▸ INSTRUCTIONS TO FOLLOW:
Your output should be the lines from the one with "พ.ศ. 2565 (รุ่นที่1)" through the last line of the records below, exactly as written, minus the pictures.

▸ PROVIDED ENTRIES:
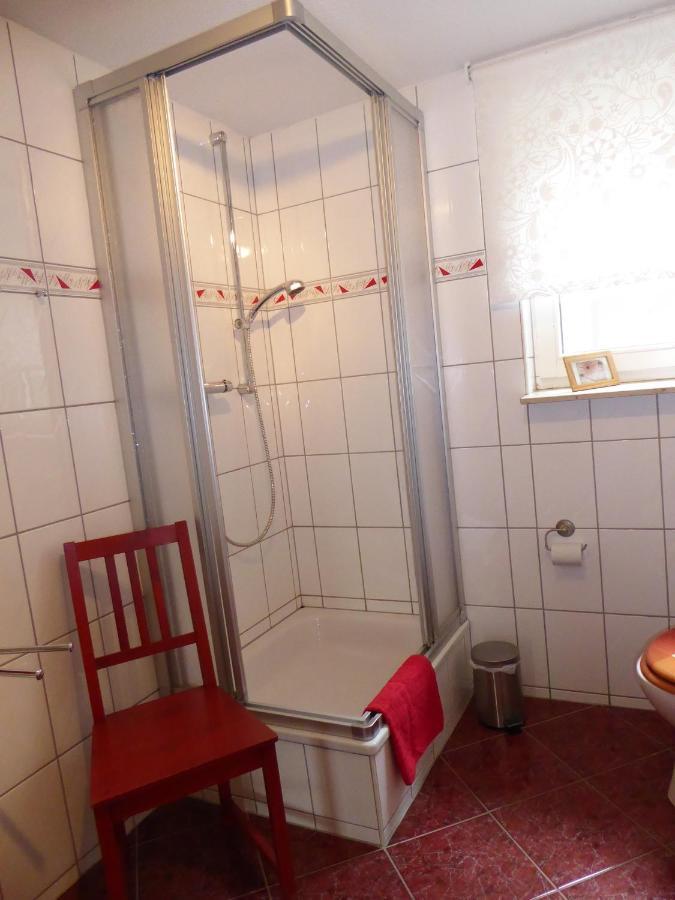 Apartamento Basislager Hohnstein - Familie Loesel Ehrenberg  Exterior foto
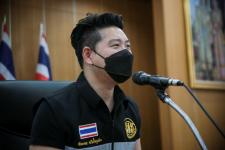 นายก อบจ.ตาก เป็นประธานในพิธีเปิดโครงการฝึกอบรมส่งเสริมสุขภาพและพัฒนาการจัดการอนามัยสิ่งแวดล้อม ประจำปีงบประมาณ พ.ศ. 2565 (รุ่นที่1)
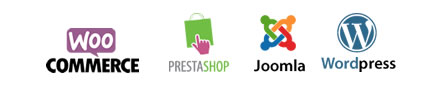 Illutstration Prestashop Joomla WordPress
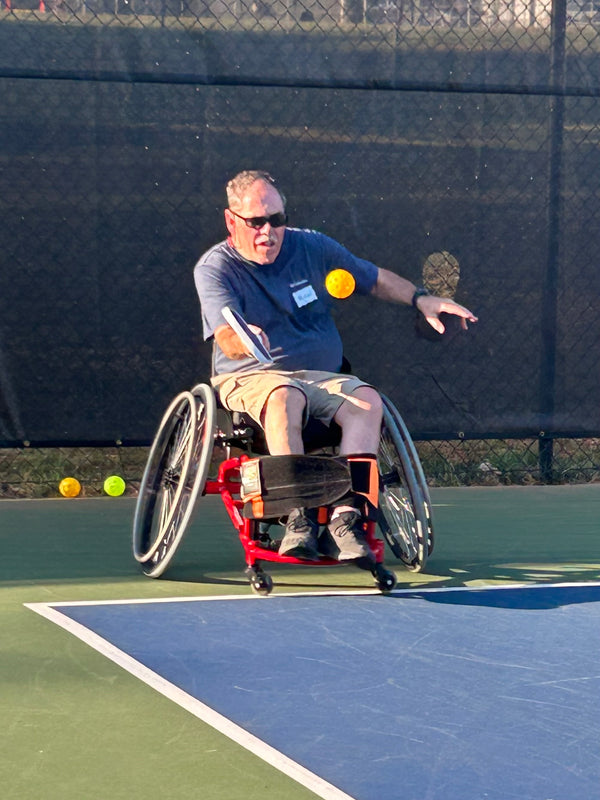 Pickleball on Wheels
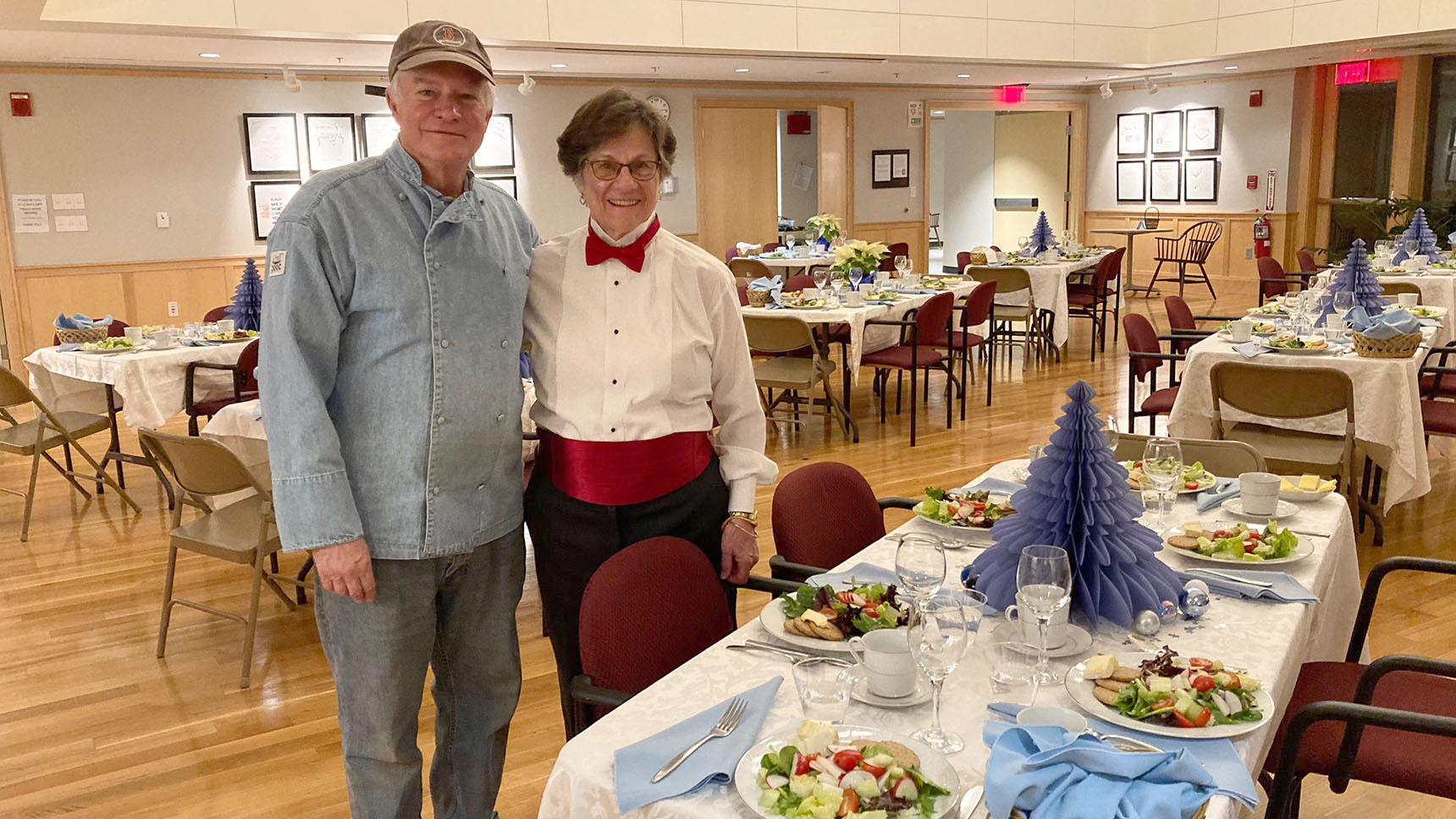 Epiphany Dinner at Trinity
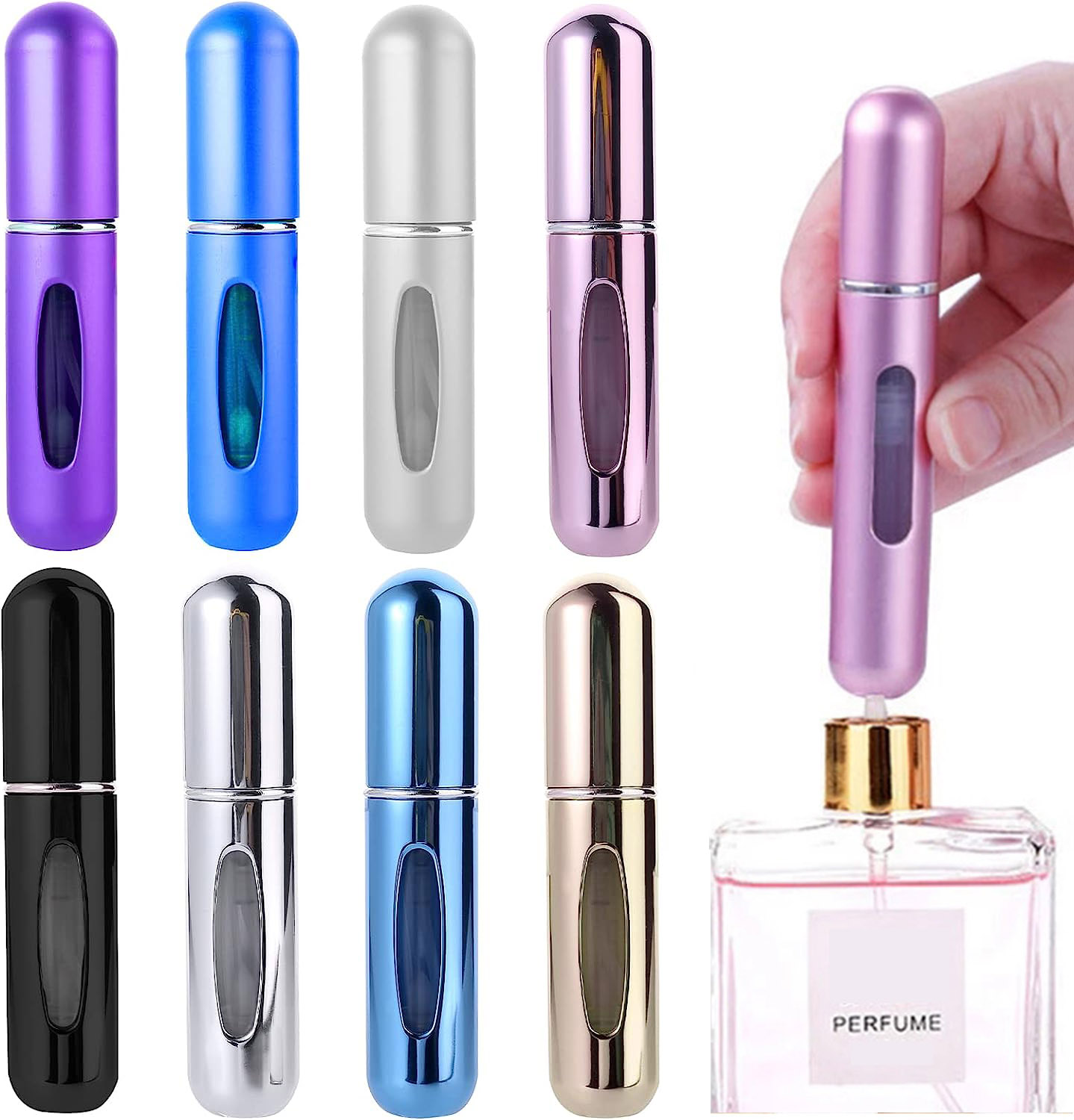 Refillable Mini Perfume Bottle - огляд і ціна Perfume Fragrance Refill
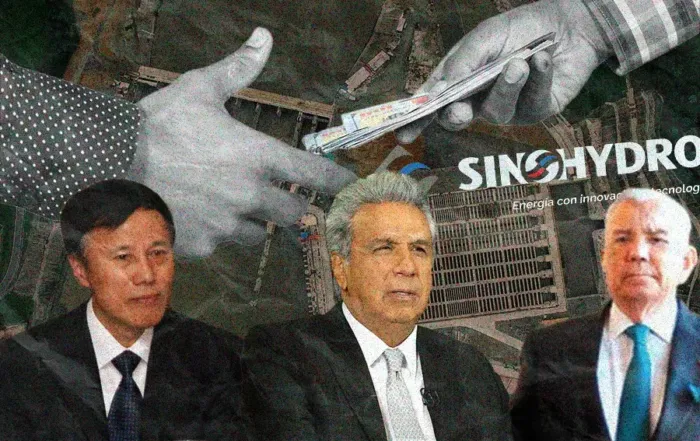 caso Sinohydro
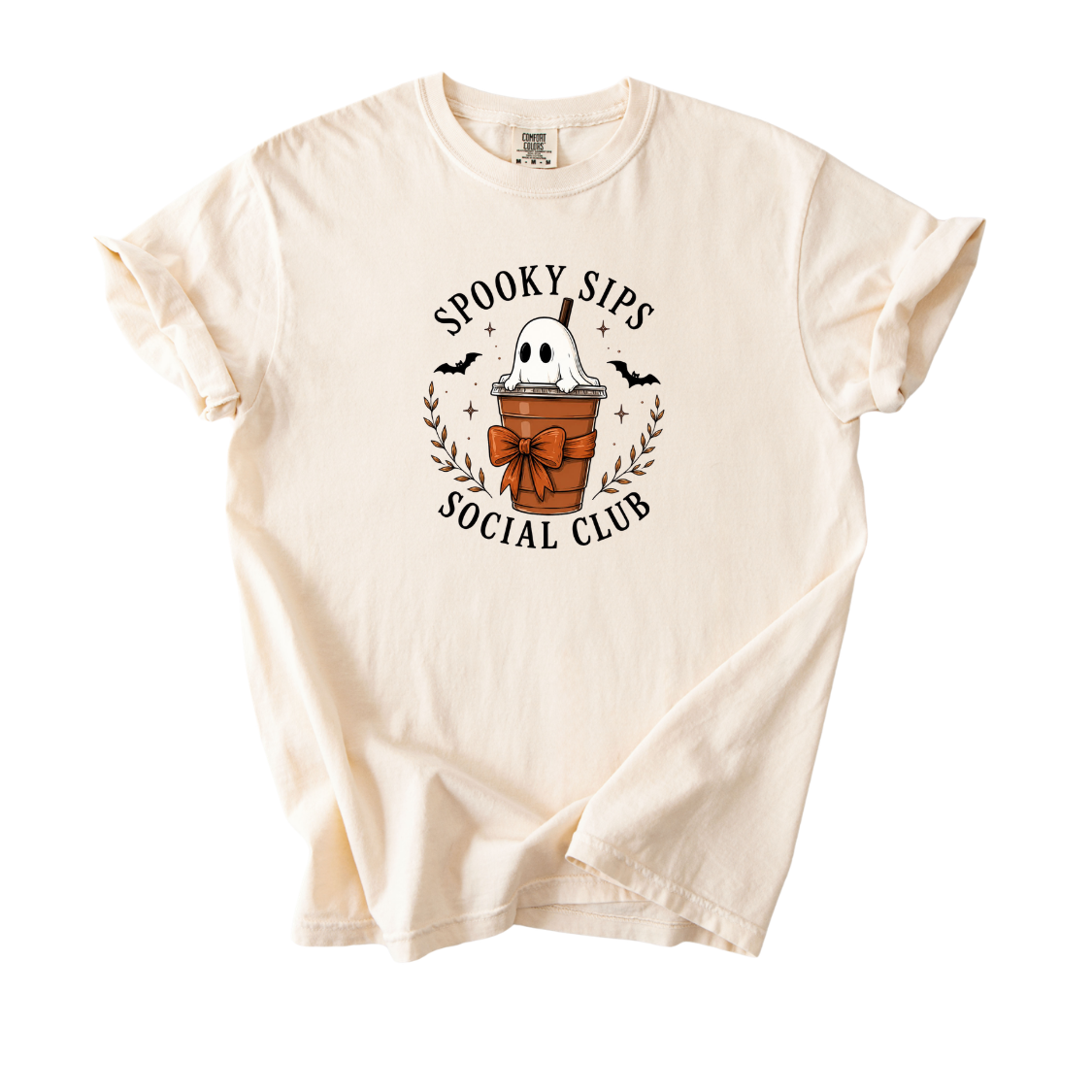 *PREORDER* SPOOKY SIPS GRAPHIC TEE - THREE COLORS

▸ SOLUTION TO THIS PROBLEM:
 นายก อบจ.ตาก เป็นประธานในพิธีเปิดโครงการฝึกอบรมส่งเสริมสุขภาพและพัฒนาการจัดการอนามัยสิ่งแวดล้อม ประจำปีงบประมาณ พ.ศ. 2565 (รุ่นที่1)
 Illutstration Prestashop Joomla WordPress
 Pickleball on Wheels
 Epiphany Dinner at Trinity
 Refillable Mini Perfume Bottle - огляд і ціна Perfume Fragrance Refill
 caso Sinohydro
 *PREORDER* SPOOKY SIPS GRAPHIC TEE - THREE COLORS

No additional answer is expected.